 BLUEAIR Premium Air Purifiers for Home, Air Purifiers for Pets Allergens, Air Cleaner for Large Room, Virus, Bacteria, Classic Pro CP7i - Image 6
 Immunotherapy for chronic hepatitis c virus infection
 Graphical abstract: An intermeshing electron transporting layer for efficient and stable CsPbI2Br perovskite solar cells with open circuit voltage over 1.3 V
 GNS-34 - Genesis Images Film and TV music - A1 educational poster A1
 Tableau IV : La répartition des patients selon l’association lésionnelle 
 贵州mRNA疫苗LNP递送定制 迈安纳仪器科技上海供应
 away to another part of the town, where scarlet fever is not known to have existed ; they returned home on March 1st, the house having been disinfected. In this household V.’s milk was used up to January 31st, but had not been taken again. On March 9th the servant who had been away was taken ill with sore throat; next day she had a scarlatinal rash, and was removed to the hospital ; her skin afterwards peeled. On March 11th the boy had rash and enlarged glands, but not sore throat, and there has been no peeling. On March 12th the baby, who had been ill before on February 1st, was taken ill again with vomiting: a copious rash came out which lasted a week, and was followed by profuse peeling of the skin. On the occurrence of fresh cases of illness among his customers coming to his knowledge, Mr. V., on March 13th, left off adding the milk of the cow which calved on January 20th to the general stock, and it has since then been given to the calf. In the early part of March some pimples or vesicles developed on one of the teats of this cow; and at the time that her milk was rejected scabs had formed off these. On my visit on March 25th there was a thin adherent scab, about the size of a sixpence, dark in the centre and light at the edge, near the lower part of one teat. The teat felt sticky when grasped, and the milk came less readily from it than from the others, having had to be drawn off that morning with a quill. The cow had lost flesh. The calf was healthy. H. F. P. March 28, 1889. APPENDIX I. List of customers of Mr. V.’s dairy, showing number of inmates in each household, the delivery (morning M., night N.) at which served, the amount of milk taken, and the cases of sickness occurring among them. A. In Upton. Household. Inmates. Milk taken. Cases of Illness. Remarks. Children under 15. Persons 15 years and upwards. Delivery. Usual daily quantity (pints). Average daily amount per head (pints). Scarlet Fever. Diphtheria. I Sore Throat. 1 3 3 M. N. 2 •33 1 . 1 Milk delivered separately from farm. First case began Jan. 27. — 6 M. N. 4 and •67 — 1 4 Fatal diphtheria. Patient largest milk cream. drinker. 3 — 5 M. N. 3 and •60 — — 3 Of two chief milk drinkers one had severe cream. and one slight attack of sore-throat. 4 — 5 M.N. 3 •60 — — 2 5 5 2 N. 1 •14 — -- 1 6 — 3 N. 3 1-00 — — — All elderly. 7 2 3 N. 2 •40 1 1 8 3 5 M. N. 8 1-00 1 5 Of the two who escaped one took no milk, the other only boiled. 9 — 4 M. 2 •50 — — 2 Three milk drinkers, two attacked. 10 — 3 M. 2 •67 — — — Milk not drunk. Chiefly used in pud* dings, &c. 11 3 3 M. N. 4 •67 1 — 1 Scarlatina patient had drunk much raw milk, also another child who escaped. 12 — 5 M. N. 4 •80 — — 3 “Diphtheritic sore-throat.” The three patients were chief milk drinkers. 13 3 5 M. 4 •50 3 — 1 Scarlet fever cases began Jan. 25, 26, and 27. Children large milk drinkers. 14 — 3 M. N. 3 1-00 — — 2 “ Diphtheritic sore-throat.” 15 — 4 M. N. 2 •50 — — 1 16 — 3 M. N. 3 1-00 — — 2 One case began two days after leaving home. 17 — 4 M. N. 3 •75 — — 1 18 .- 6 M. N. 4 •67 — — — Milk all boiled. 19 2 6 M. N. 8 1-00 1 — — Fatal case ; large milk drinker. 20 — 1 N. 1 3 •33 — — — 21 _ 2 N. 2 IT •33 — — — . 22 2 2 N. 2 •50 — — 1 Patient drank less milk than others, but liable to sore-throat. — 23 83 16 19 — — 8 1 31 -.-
━━━━
§ **Exercise brief**: From the listing above, repeat exactly the lines starting at the line that includes "Immunotherapy for chronic" and ending at the line that includes "GNS-34 - Genesis", with nothing outside that span.

§ **Answer section**:
 Immunotherapy for chronic hepatitis c virus infection
 Graphical abstract: An intermeshing electron transporting layer for efficient and stable CsPbI2Br perovskite solar cells with open circuit voltage over 1.3 V
 GNS-34 - Genesis Images Film and TV music - A1 educational poster A1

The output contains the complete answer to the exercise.